Friday 29 June 2012

Shuswap Lake

My next Greyhound bus trip takes me north from Penticton, heading for a hostel by the side of Shuswap Lake. Last week Greyhound introduced a directive forbidding all unscheduled stop offs. The scheduled stop is 10km past the hostel in the next town. The hostel owner, Blair, is very accommodating and she says she will pick me up, once she has closed the hostel for the night. So at 10pm I find myself standing by the side of the road between a gas station and a railway siding, wondering if she will come. Fortunatley she is as good as her word and she pulls in within 15 minutes.
Her property consists of an historic general store, with two llamas in the garden and the hostel accommodation which is in converted railway carriages. It is situated right on the shores of Shuswap Lake and is all rather bohemian and rustic, but very charming, in spite of the traffic noise from Highway 1. The trans-Canadian railway runs close by and the sound of the freight trains rumbles through my sleep.
Railway Carriage Accommodation

Inside the Caboose

Shuswap General Store

The lake is right beside the railway carriages  - in fact closer now than a week agao because the water levels are very high from all the recent rain. The dock is floating, whereas in the dry season the water level would be 20' lower. Various communities nearby have had flooding and the trans-Canadian Highway was washed out last week just east of here.

Shuswap Lake

In the morning the guests sit at picnic tables outside, surrounded by flowering orange blossom, while Blair cooks breakfast of delicious fruit pancakes, served with maple syrup.
Blair Cooking Pancakes for Breakfast

I find I am rather limited as to what I can do from here, as there is no public transport and many of the local hiking trails are under water from the recent heavy rain. In my railway carriage there is a Candian woman of about my age, with her 9 year old granddaughter and a family friend. They are going to visit a nearby donkey sanctuary and I am delighted when they ask if I would like to tag along. We find the donkey sanctuary at the end of a beautiful nearby valley. It is a low-key affair and they only have visitors on a few day a week and the lady owner takes time to show us around and introduce us to her 40 or so donkeys. When she finds out I am from Devon she tells me she is a great admirer of the work of Elisabeth Svendson and asks if I know of the donkey sanctuaries in Sidmouth and Ivybridge! There is obviously a world-wide network of donkey rescuers. She has two large white dogs on the property.

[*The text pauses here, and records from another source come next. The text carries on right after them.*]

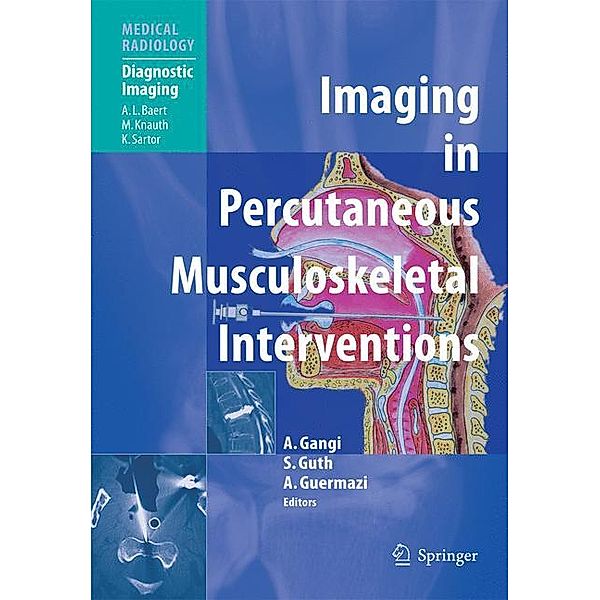 Imaging in Percutaneous Musculoskeletal Interventions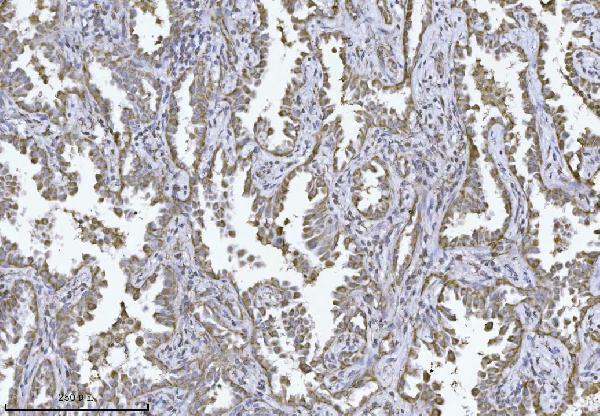 m11793 pmpcb primary antibodies ihc testing 2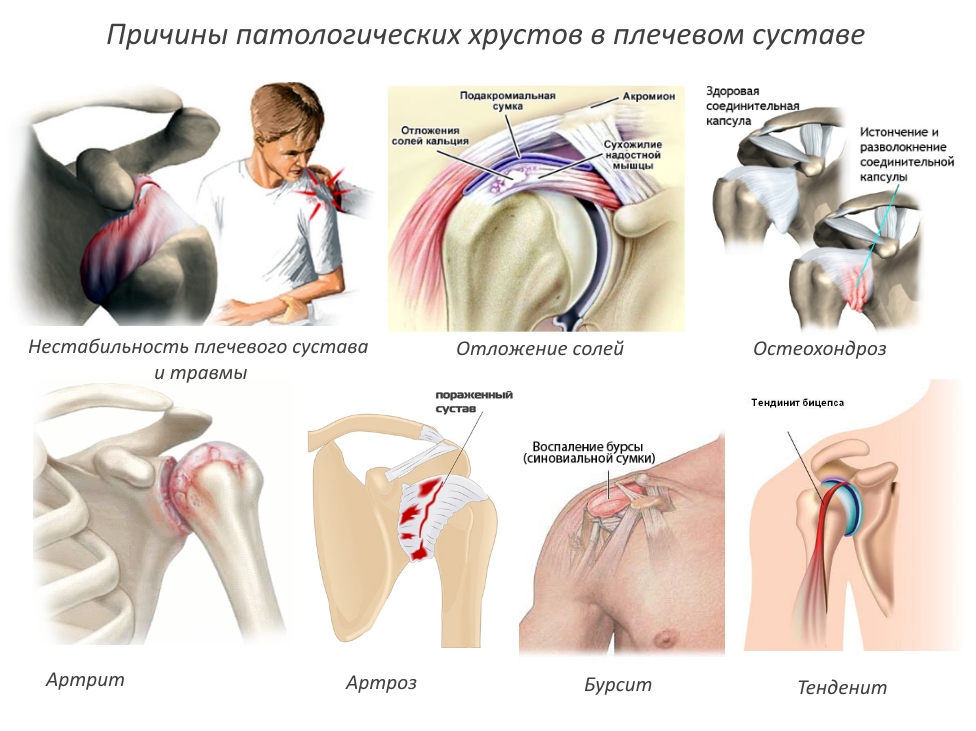 Причины патологических хрустов в плечевом суставе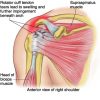 Rotator Cuff Injuries ro_c_tea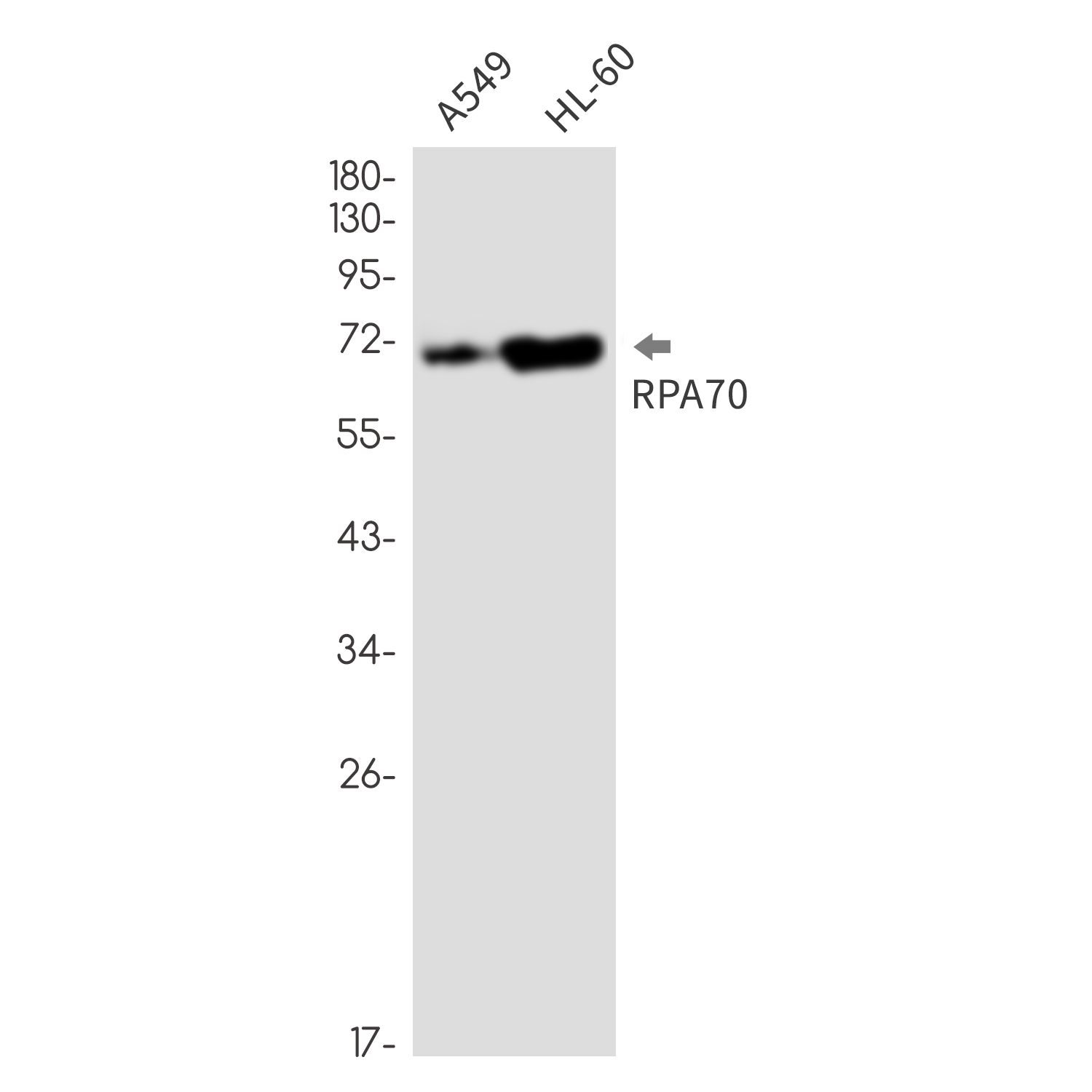 AYD11448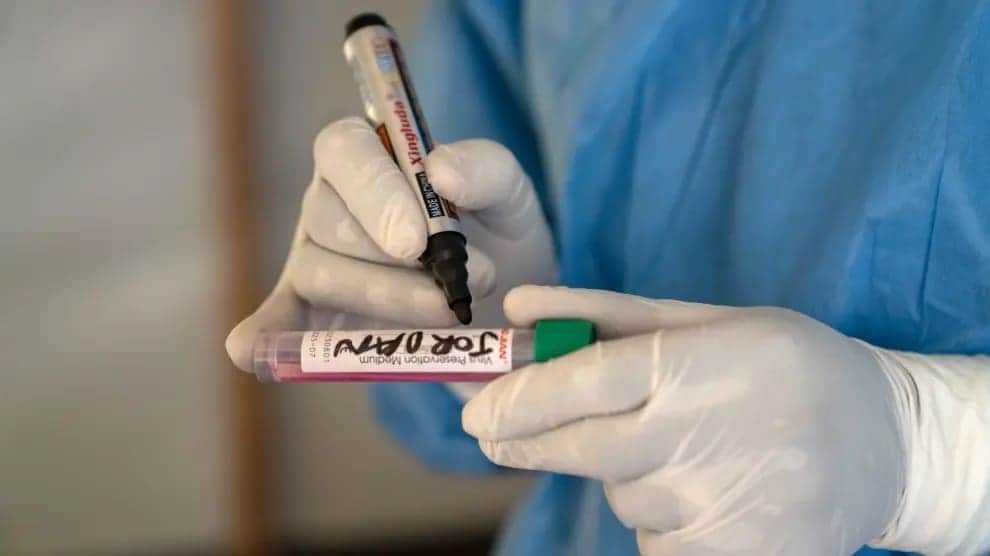 Viruela de mono en México está por alcanzar los 100 contagiados confirmados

The breed is quiet and soppy around people, but they guard against bears.
Donkey Sanctuary

Bear Dog

The next day, after the pancake breakfast, Blair is going in the car to a dairy in a nearby town to collect her order and asks if I would like to come for the ride. On the way we chat about lots of things and I learn a lot about what it is like to live and work in the area and something of the native Shuswap people and the problems of integration. The diary makes its own ice-cream in a fantastic array of flavours.  I have an enormous cone of raspberry cheesecake flavour. Now I have 2 enormous pancakes and maple syrup for breakfast and 3 hours later I have had an enormous ice cream for lunch. With this eating and the lack of hiking, I think I will definitely be putting on some of the weight I lost in New Zealand.
We are then going to stop at a local thrift store (charity shop) for Blair to drop off some stuff. She explains that the store is very well supported by the local community. It started after there was a big local forest fire and people had to be evacuated from their homes. Local people donated all sorts of things to help these families and there was enough to fill a hockey stadium. When the evacuees had what they needed there was still a whole bunch of stuff left over, so they sold everything for 25 cents. You could buy a fork, or even a bed for 25c. Now they have certain days where you can fill a whole grocery bag for $2. It is a bustling place where the car park is full of people driving up and dropping off furniture.
Thrift Store

I take a look around and buy a few books - a couple of novels by Canadian authors, as I am getting through my reading material pretty fast on the bus trips and a funny book called, 'How to be a Canadian'. While I am standing by the car waiting for Blair I make a start on this one and chuckle to myself. Here's a few excepts from the first few pages that made me laugh:

There are 30 000 000 people in Canada - all of whom have, at some point frozen their tongues to the side of a chainlink fence or flagpole. Even though their mothers told them not to. Indeed at any given time of year, it is winter somehere in Canada and someone, somewhere is stuck to a flagpole. 'Hap me, hap me. Tumbuddy, pwease hap me.'

In defiance of both Einstein and the space-time continuum, hockey in Canada now lasts sixteen months a year. The playoffs stretch things out even further. Glaciers move faster than the standard NHL season. There are teams with sideburns and disco hairdos still circling the ice trying to finish off the 1974 series.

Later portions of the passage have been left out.